Both he and Harry got the "refusal" of more than one plantation as they went along, and wrote urgent letters to their eastern correspondents, upon the beauty of the land and the certainty that it would quadruple in value as soon as the road was finally located. It seemed strange to them that capitalists did not flock out there and secure this land.

They had not been in the field over two weeks when Harry wrote to his friend Col. Sellers that he'd better be on the move, for the line was certain to go to Stone's Landing.

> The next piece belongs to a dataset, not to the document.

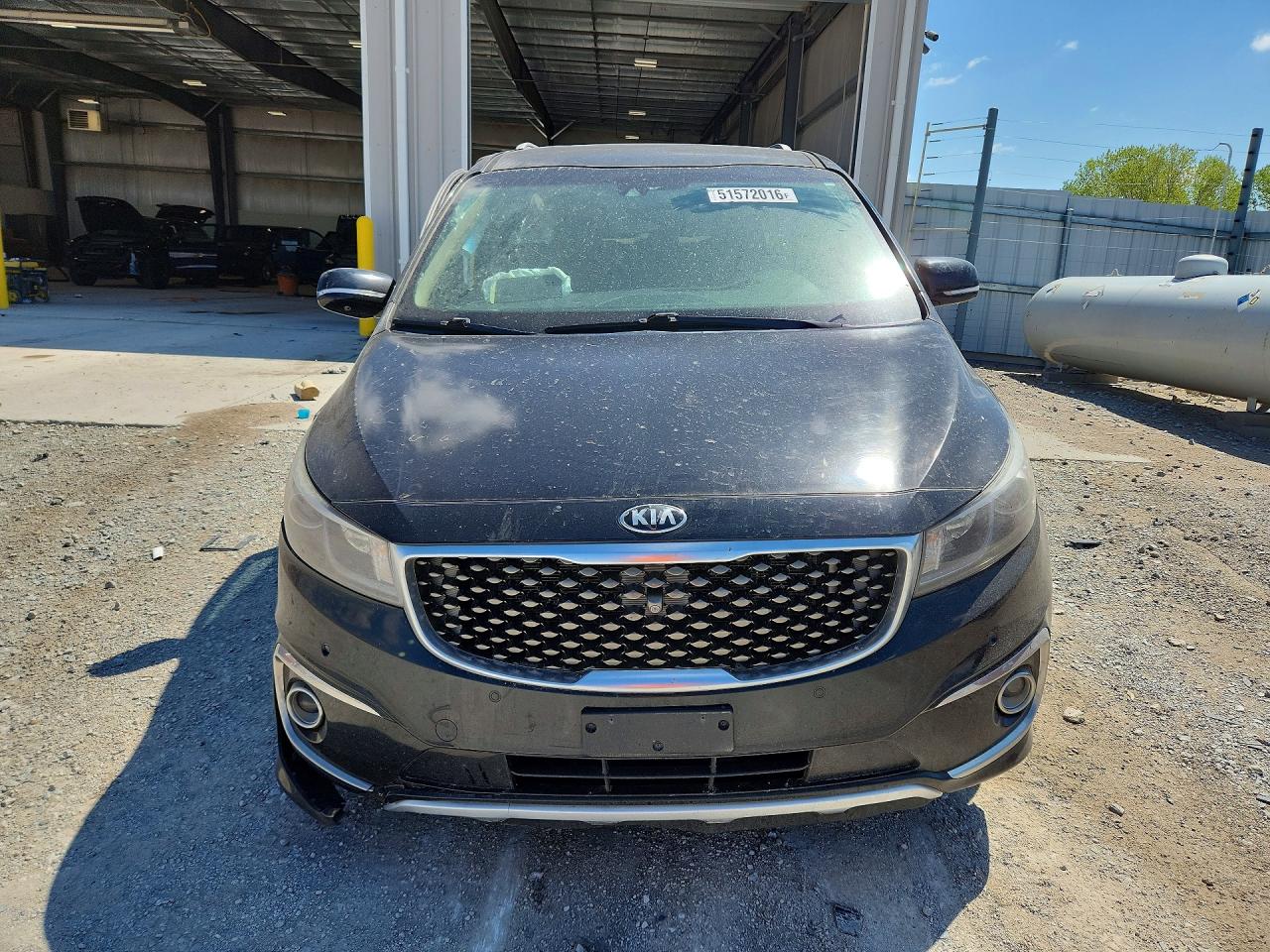 2018 KIA SEDONA SXL photo 9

Any one who looked at the line on the map, as it was laid down from day to day, would have been uncertain which way it was going; but Jeff had declared that in his judgment the only practicable route from the point they then stood on was to follow the divide to Stone's Landing, and it was generally understood that that town would be the next one hit.

"We'll make it, boys," said the chief, "if we have to go in a balloon."

And make it they did In less than a week, this indomitable engineer had carried his moving caravan over slues and branches, across bottoms and along divides, and pitched his tents in the very heart of the city of Stone's Landing.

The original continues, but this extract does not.